Tuesday, February 22, 2005

A Contrary Opinion On Computer Etiquette

I am vastly amused by this little kerfuffle going on elsewhere in the borderland between Blogovia and Blogistan.

After an odd episode earlier this morning, it seems Wall Street Journal columnist John Fund returned to Bloggers' Corner later this afternoon, this time knowing full well that the unoccupied computers left on the tables were private property, belonging to the bloggers. He hopped on another open laptop, again without asking permission from its owner, and took about a half hour to file a story, even as the blogger whose computer he'd commandeered stood waiting.


It seems to me that journalists who walk away from their computers in public, without even locking out access to them, are implicitly offering the use of their computers to anyone in the room. And if they aren't locking them to the table, then the offer is even more stupid.

This is the reason why the people who design these devices go to all the extra trouble of putting lockpoints on mobile computer cases and they write all this extra code for locking the keyboard, screen and mouse so that you have to enter a password to get access to the computer after leaving it unattended.

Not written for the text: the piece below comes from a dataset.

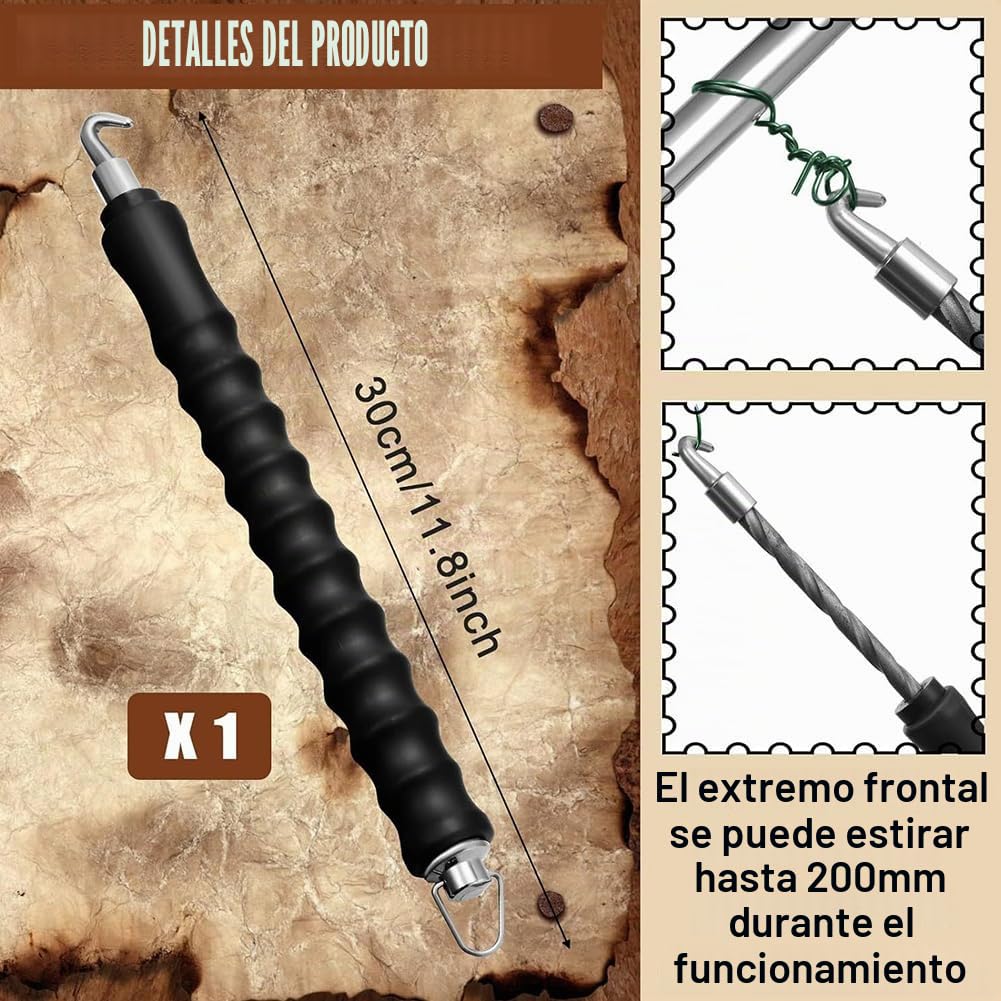Gancho Retráctil Semi Rebar Wire Twister Rebar Hook Tie Wire Twister Tornado de Alambre de Refuerzo Herramienta para Atar Refuerzos Gancho para Atar Barras de Refuerzo Mango de Goma Ergonómico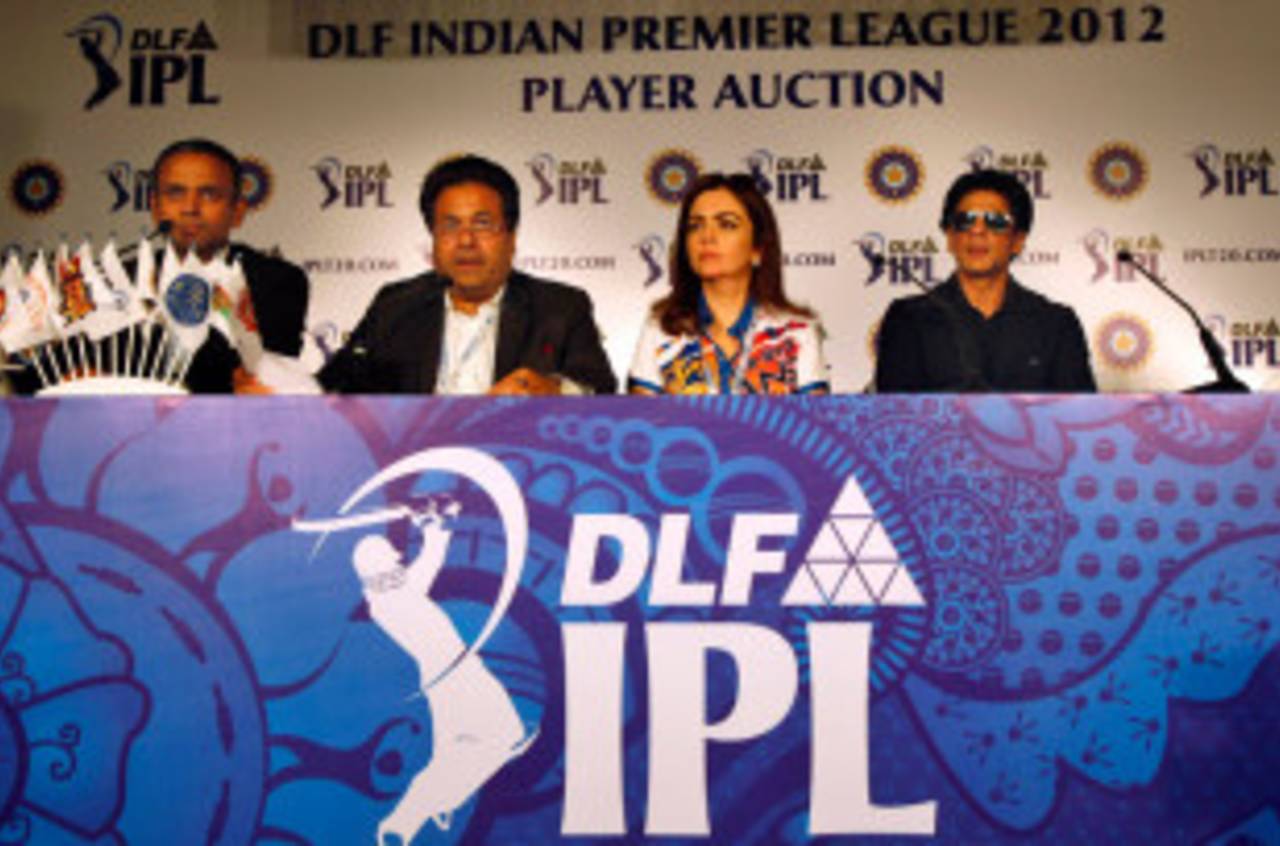 The then IPL CEO Sundar Raman, chairman Rajiv Shukla, Mumbai Indians team owner Nita Ambani, and Kolkata Knight Riders co-owner Shahrukh Khan at a press conference at the end of the 2012 player auction, Bangalore, February 4, 2012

If you don't want John Fund to use your computer to file his stories, then don't leave your computer unattended and unlocked around him. How fscking difficult is this concept for you to learn?

Update: Oh good grief— it just keeps getting sillier. Fund now claims he was the victim of a practical joke.

And for the record, yes— I do recognize that unattended personal computers are still private property even when they are left open to access by anyone in public. Still, I continue to boggle my poor little mind: what the fsck are these people thinking? I would NEVER in a million years think it would be safe to leave my personal mobile computer open and unlocked for anyone to use while I wandered around any kind of convention. But, ye Ghods— the Conservative Political Action Conference? At a venue like that, I'd carry the damned thing into the toilet stalls with me. (You never know what kind of software pathogens your system is likely to pick up being groped and fondled by the people who go to those things.)